Parker Palmer talks about the clarity of winter (Let Your Life Speak).  The bareness of the trees allows us to see them standing singly, grounded in the earth, each one distinct from the other.  There is a starkness there.  We miss the green leaves, the beauty of the leaves and flowers.  The grass is brown and bare.  Palmer reminds us that winter is a season of rest and renewal, a time when nature dials it down to renew itself.  Another analogy is the cycle of the moon.  We have just experienced the beauty and grandeur of the full moon and now its descent to darkness begins.  When the moon is not visible, it allows the stars to appear that much brighter. There is a beautiful folk tale that speaks of the moon growing big and then growing tired and needing to get smaller to rest in order to grow bright once more.

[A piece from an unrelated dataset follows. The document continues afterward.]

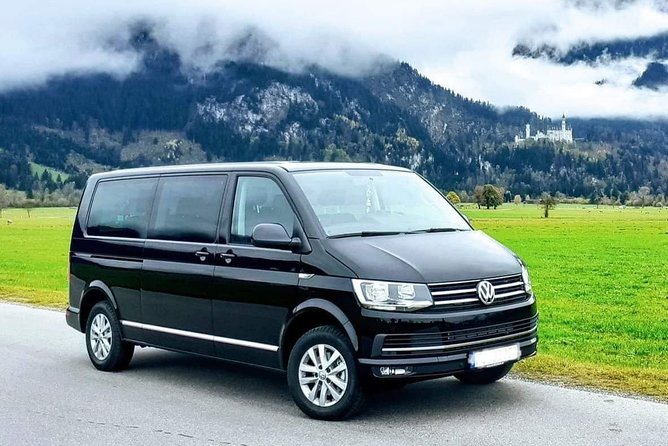 Comfort Mini-Van & Professional and FRiENDLY Guide: CUSTOMIZED 1-DAY TOUR from Munich - The Munich opener: a best-of city start with a long-term local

The stark clarity of the winters of our lives is both beautiful and terrifying.  When we have lost a person we have loved, their absence is deeply and painfully felt. At first, the very memories of the person are filled with the pain of loss and grief.  Yet there is a way, in time, that the memories come to be a blessing, a reminder that those we love live on in our hearts and minds.

In those times of loss that are about the loss of dreams, the loss of jobs, the consequences of choices made it can be hard to face the truth.  In those moments truth can become abundantly clear.  Parker Palmer in his discussion of winter talks about the advice to “get out into it.”  Here in the south, severe winter weather is so rare that the only thing to do is to stay inside, enjoy heat, a warm beverage and the fact that you have no other option but to stop.  Here winter weather is an invitation to rest.  Yet in other parts of the world where snow and cold temperatures are commonplace  -  people learn to get out into it!  They have the clothing, they know how to stay warm and they embrace going out into the weather.  Like Elmer, they learn to thrive in the winter!  My family during the big snow storm here,  got out the next day, shoveling and having a really fun snowball fight.  We got out into it! Palmer invites us to do the same with the winters in our lives.  Can we embrace the loss, our fears, our failures? Can we instead of running from them, dive deep into and through them? Like Elmer can we embrace our specialness even when it is not  understood, even by those closest to us?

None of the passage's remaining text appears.